On Sun, 21 Dec 2003 04:28:13 GMT, "Don"
wrote:


Who's talking about *populace*?
I said, MY children.
If you want to pay for my kids education, come on over and bring your
checkbook, as he is homeschooled.

I thought it was obvious from a societal standpoint that "my" children
meant "not your" children. Without going into too much nitpicking
over exceptions, society benefits from an educated populace. If you
decide to teach your children at home, you just declined the education
you were entitled to. Whether that "free" education is worth the cost
varies depending on the public schools in question and your own
priorities.
Assuming I live a nice, long life, your kids are
going to be helping to bail me out of the problems caused by mistakes
made by our parents and ourselves.


Nope.
My kid won't pay for your problems, that is YOUR responsibility.

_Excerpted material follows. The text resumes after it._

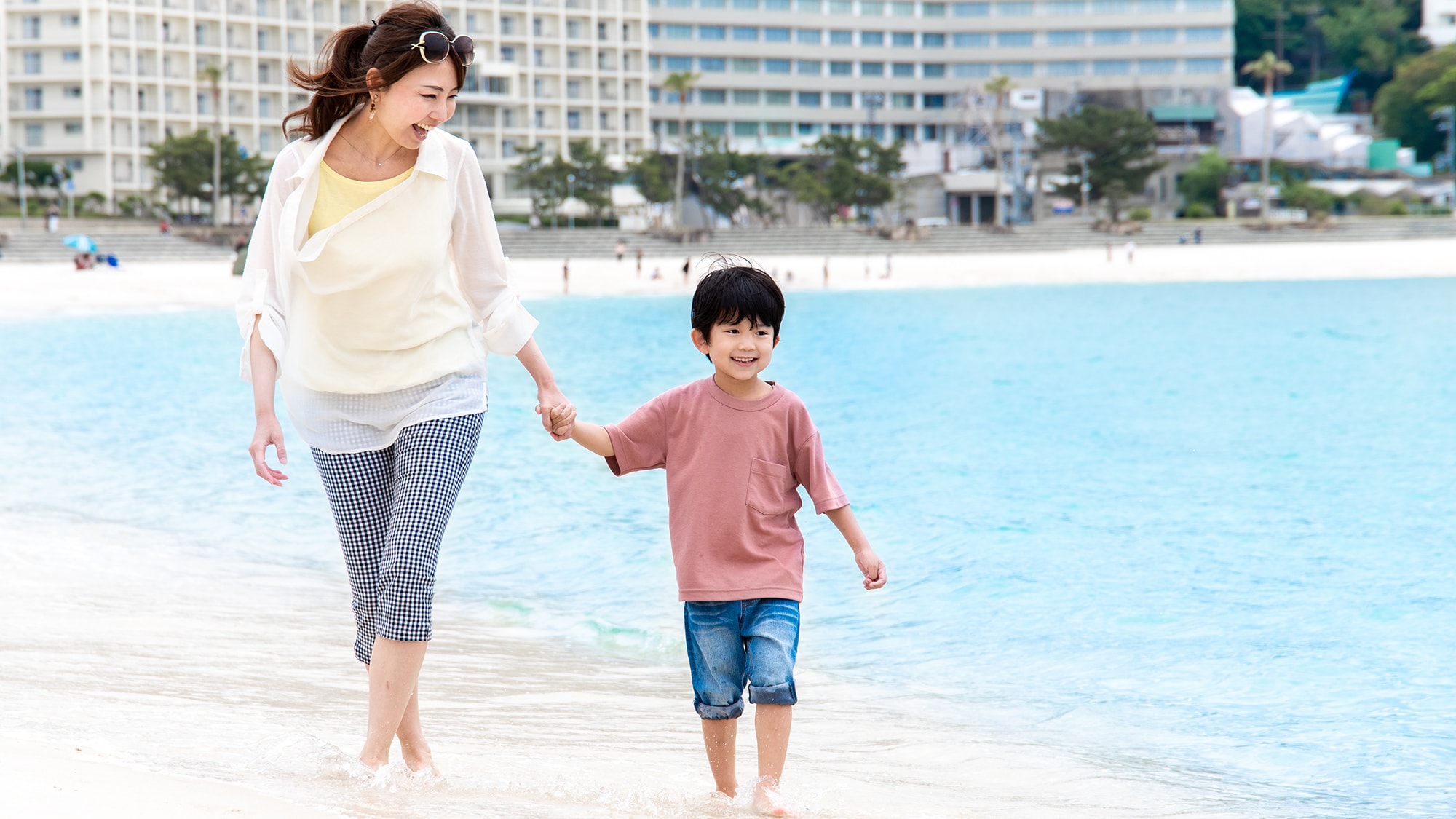 * [Shirarahama] A sandy beach that is soft enough to walk barefoot. It is a beautiful beach where you can enjoy a tropical atmosphere.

Again, I thought it obvious we were talking about society. I said OUR
parents and OURselves, you might notice. MY problems are separate
from SOCIETY'S problems. And I did not suggest you kid should write a
check to solve them; I expect at least some of today's children to
become tomaorrow's scientists and politicians. Apparently, you
children are being raised to believe they are only in it for
themselves, so maybe this assumption does not apply.

I'm willing to pay so that they
have enough information to do a good job of it.


That is the root of socialism, did you learn anything at all in school?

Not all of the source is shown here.